I have never personally used a Kubota but we have heard they will not hold up to daily use. We know a few people that have Kubota's and like them but do not use them every day like we do. Weight is another thing we don't like about it. On our 5525, it rides pretty rough which I assume is because it is not that heavy with alot of the hood and stuff being plastic. The rear end is really light especially when hauling 5x6 round bales.


----------



## JD3430

Whoever told you they won't hold up to daily use is full of crap. 
They aren't The very best tractor, but I use both of mine every day for months straight with almost zero repairs. I did manage to break the clutch pedal linkage on my M7040, but its 8 yrs old and gets used hard during hay season and for snow plowing in winter. 
When I tell my Deere owning friends that my 7040 is 8 yrs old with only a cracked roof (repaired with adhesive caulk) and clutch linkage repair, they seem pretty impressed. 
Kubotas are not heaviest built, but they are crazy reliable! Starts, runs and works every day with few issues. 
Take a look at a m-1xx series. On par with your JD 5xxx series or maybe a bit bigger. They are a very nice tractor for the money. Dealer networks are good nowadays. Kubota ain't going nowhere. They are fully invested in the US and growing stronger all the time. Probably as much US content as overseas made Deere. 
I think comparing JD to Kubota is like comparing Mercedes (JD) to Toyota (Kubota). JD is heavier built quality tractor but expensive to buy and repair, but holds resale value well. Kubota is good quality, cheaper to buy and repair and holds average to good resale value.


----------



## slowzuki

The kubota's here are all handling sileage bales 1200-1800 lbs. They use them for loader work as well. I think as long as you don't load them up with weights and try to make them do tillage like a bigger frame tractor they are bullet proof. I myself have a small 50 hp Kubota and it has been a fantastic little machine, very reliable although only about 200 hours a year are put on it/10 years old.



memory said:


> memory, on 11 Jul 2013 - 10:26 AM, said:
> We use it for more than just cleaning out barns. We use it for field work, hauling hay and everything in between. This being our only loader tractor, it is our go to tractor.
> 
> I have never personally used a Kubota but we have heard they will not hold up to daily use. We know a few people that have Kubota's and like them but do not use them every day like we do. Weight is another thing we don't like about it. On our 5525, it rides pretty rough which I assume is because it is not that heavy with alot of the hood and stuff being plastic. The rear end is really light especially when hauling 5x6 round bales.


----------



## urednecku

OK, maybe I don't use my 'Bota every day, but it's closing in on 900 hours. 2 replacement parts so far...shuttle shifter (warranty) and the cable to the remote valve froze up. The local dealer showed me in his 'puter that was the first cable that dealer has ever ordered, and he's been in business long as I can remember.
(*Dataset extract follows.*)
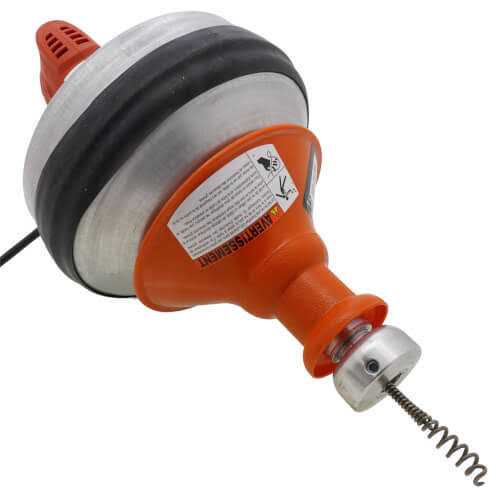 General Wire SV-F Super-Vee Drain/Sewer Cleaning Machine W/ 25' x 1/4 Cable - Image 4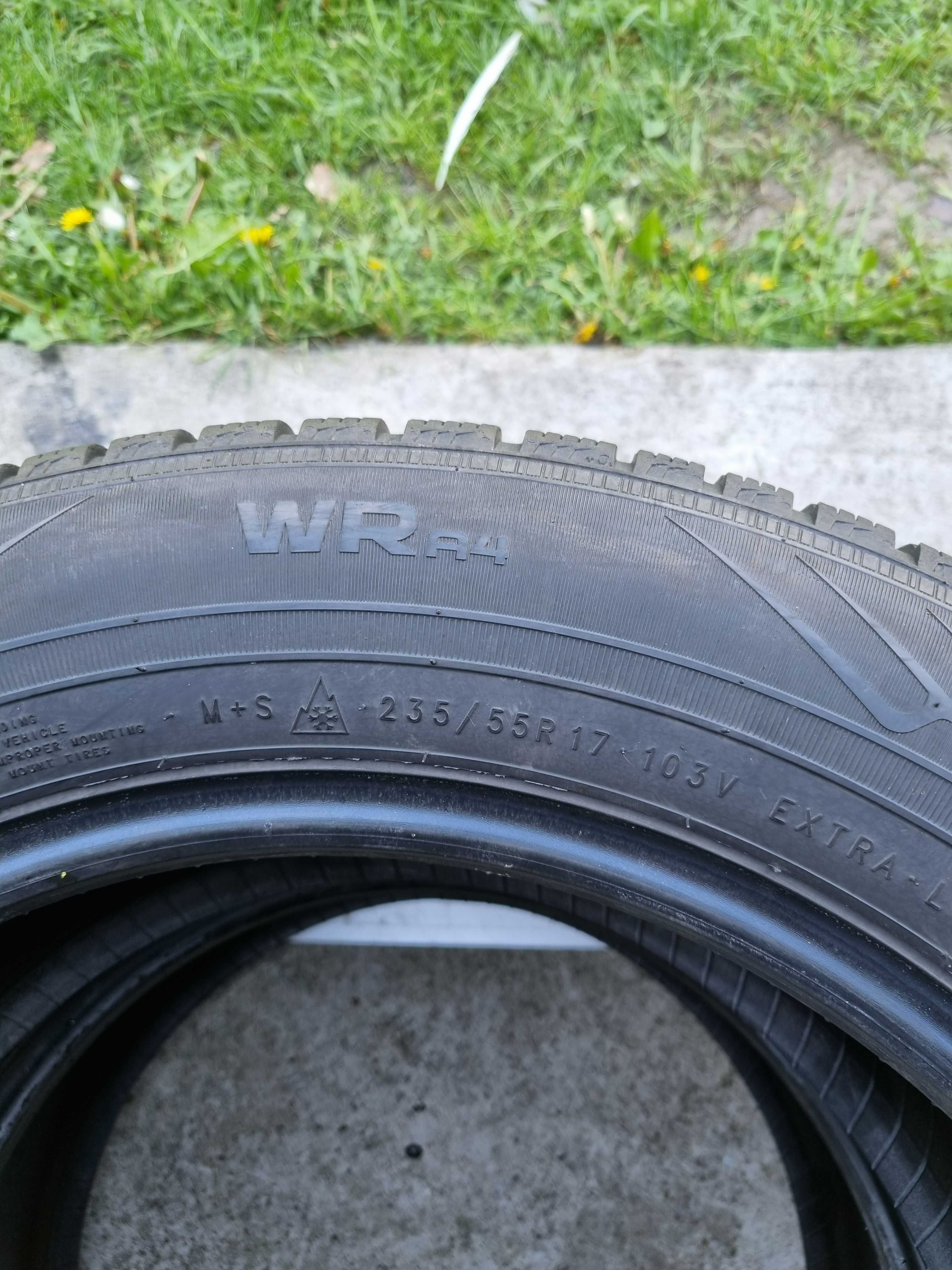 Opony zimowe NOKIAN WR A4 235/55 R17 2x 5,18 mm 2018 KOMPLET P188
My neighbor replaced his green tractors with Kubota, as several others around here done. They do use them every day....they have several acres of orange groves @ are always spraying, herbiciding, or mowing.


----------



## longmeadow farm

I buy equipment and parts from two local dealers. One is a Case-IH/Kubota and the other is an AGCO/Kubota. I often take a peek into their respective shops. I can't remember ever seeing Kubota orange being worked on. They are a bit lighter than the competition, but with cast rear wheels and loaded tires you can easily keep the rear on the ground while moving large round bales, or handling a bucket full of silage...as per my neighbor. And another thing..I don't see Kubotas on the used equipment lots around here.


----------



## Bonfire

JD3430 said:


> The Kubota 4wd system is awesome. Probably the best part of the tractor. It has bevel gear front axle with stoopid high ground clearance. Then you also have a electrically locked front differential. It also has bi-speed turn. I just fished 2) 1200 lb round bales at a time out of a 2-3' deep flood plain of water and mud with it and it never even spun a tire.
> Probably going to get torched for saying this, but I think the Kubota is the best "traction" tractor you can buy.
> Where I think they may lack is in frame weight. They weigh about 1-2k less than Deere or CNH tractors. I always thought it wasn't a big deal for a hay or chore tractor and you can always add ballast anyway.


In your opinion. I have an M6800 and the 4WD is the biggest PITA. The only way to disengage the FWA is to get the torque off the drive train. The ergonomics suck. Hit a bump and hit your head on the ceiling. Hit a bump while using the SCV's and your knuckles are in the side window and frame. The AC sucks (it has a leak).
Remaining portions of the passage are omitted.